QUESTIONS/PURPOSES: Does prescription of a torsion adapter translate to improvements in (1) functional mobility and (2) self-perceived pain and fatigue in moderately active patients with lower limb amputation?

METHODS: Ten unilateral transtibial amputees wore a torsion or rigid adapter in random order. Functional mobility was assessed through a field measurement using an activity monitor and through a laboratory measurement using a 6-minute walk test that included turns. The residual limb pain grade assessed self-perceived pain and the Multidimensional Fatigue Inventory assessed fatigue.

RESULTS: We found relatively small functional differences for amputees wearing a torsion adapter versus a rigid adapter. Amputees wearing a torsion adapter tended to take more low- and medium-intensity steps per day (331 ± 365 and 437 ± 511 difference in steps; effect size = 0.44 and 0.17; confidence interval [CI], 70-592 and 71-802; p = 0.019 and 0.024, respectively). They also experienced less pain interference with activities (1.9 ± 1.7 change in score; effect size = 0.83; CI, 0.3-3.4; p = 0.026) when wearing a torsion adapter. However, these patients took a similar number of total steps per day, walked a comparable distance in 6 minutes, and reported similar residual limb pain and fatigue.
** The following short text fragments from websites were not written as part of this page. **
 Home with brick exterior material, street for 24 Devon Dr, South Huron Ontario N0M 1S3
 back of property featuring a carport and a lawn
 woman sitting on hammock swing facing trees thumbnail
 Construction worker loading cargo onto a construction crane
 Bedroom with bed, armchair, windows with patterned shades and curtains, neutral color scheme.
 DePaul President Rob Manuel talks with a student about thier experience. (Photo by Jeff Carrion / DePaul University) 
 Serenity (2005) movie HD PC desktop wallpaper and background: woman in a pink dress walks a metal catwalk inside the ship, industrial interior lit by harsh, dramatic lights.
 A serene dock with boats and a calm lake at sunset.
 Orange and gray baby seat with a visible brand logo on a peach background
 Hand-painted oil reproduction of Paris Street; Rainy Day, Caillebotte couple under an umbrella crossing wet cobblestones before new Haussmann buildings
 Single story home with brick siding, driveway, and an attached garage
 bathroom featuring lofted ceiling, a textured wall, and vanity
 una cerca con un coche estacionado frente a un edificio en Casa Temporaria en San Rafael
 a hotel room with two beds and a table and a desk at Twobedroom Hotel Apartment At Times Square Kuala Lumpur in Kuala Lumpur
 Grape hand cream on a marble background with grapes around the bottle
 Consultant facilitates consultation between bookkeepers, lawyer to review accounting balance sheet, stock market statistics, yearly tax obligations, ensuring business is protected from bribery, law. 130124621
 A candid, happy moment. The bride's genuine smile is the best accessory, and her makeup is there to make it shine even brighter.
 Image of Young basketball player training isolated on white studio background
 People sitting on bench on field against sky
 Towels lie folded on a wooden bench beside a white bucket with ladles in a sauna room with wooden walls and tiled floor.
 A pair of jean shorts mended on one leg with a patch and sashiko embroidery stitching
CONCLUSIONS: For a moderately active group of amputees, the torsion adapter did not translate to substantial improvements in functional mobility and self-perceived pain and fatigue. The small increases in low- and medium-intensity activities with less pain interference when wearing a torsion adapter provides evidence to support prescribing this device for amputees with difficulty navigating the household and community environments.